#### Data block
◆ ◆ ◆ ◆ ◆
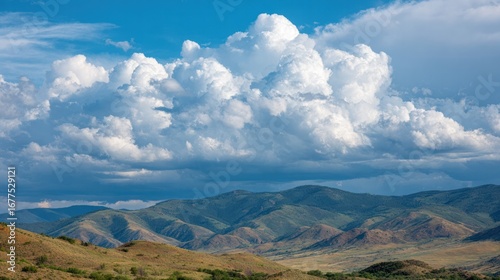 Wallpaper Mural Dramatic Sky Over Mountain Landscape: A sweeping landscape showcases majestic mountains under a sky filled with dramatic, billowy clouds, creating a breathtaking panorama of natural beauty.  Torontodigital.ca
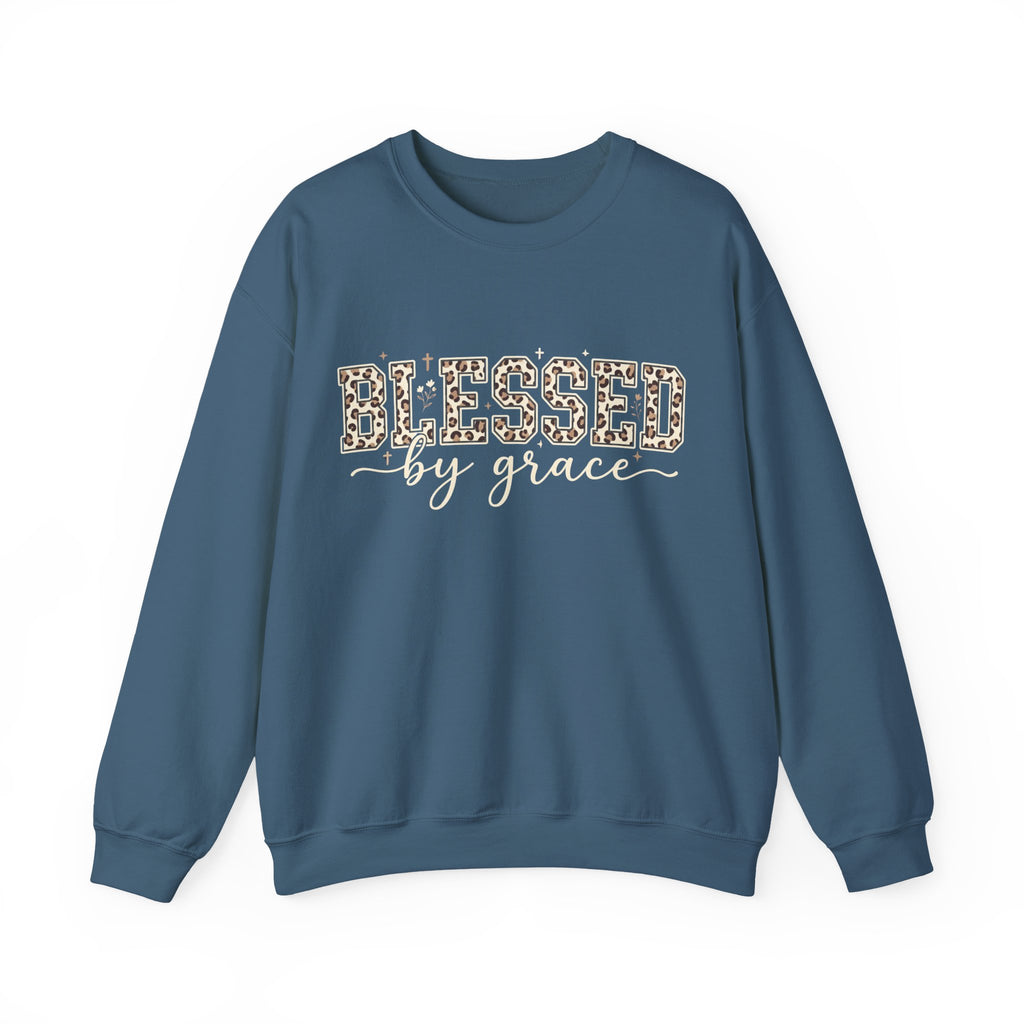 Blessed by Grace Christian Sweatshirt, Leopard Print Faith Crewneck, Western Christian Graphic Sweater, Religious Gift for Her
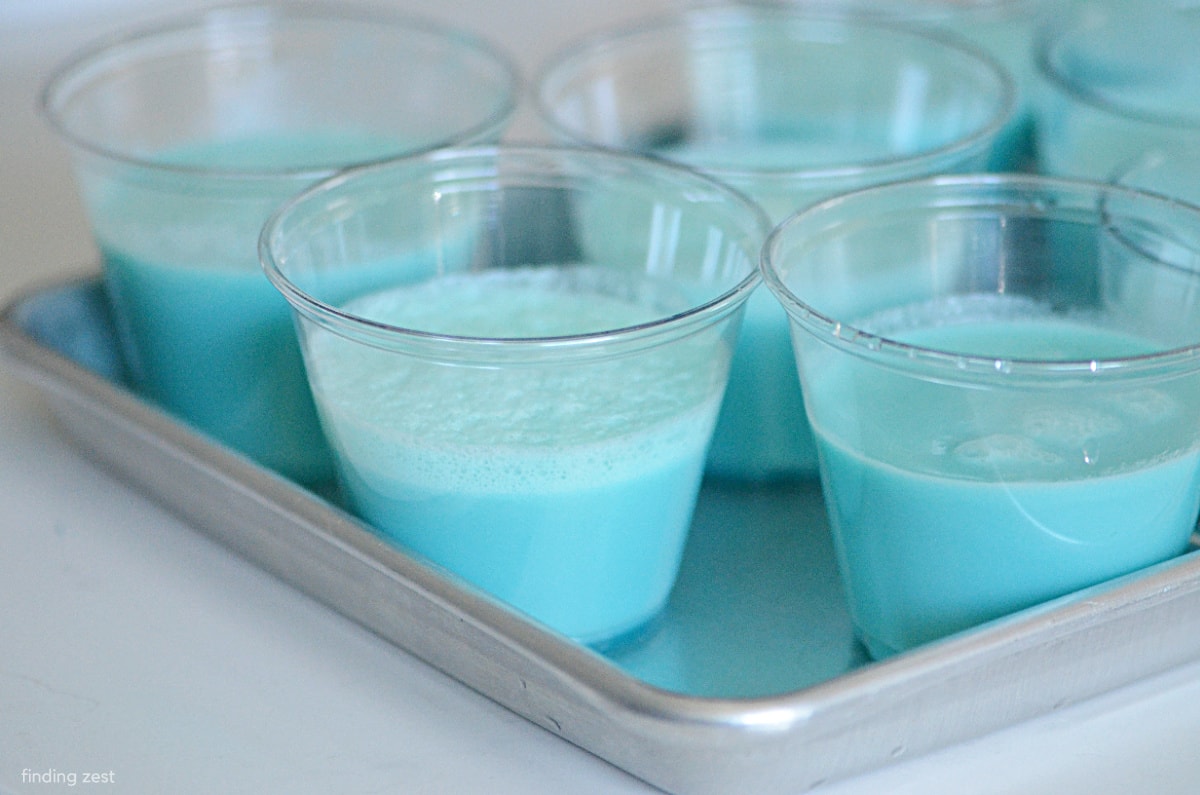 Blue Jello Cups ready to be chilled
◆ ◆ ◆ ◆ ◆
#### Work to complete
The expected answer is an unaltered copy of the listing, images removed.

#### Answer to the exercise
 Wallpaper Mural Dramatic Sky Over Mountain Landscape: A sweeping landscape showcases majestic mountains under a sky filled with dramatic, billowy clouds, creating a breathtaking panorama of natural beauty.  Torontodigital.ca
 Blessed by Grace Christian Sweatshirt, Leopard Print Faith Crewneck, Western Christian Graphic Sweater, Religious Gift for Her
 Blue Jello Cups ready to be chilled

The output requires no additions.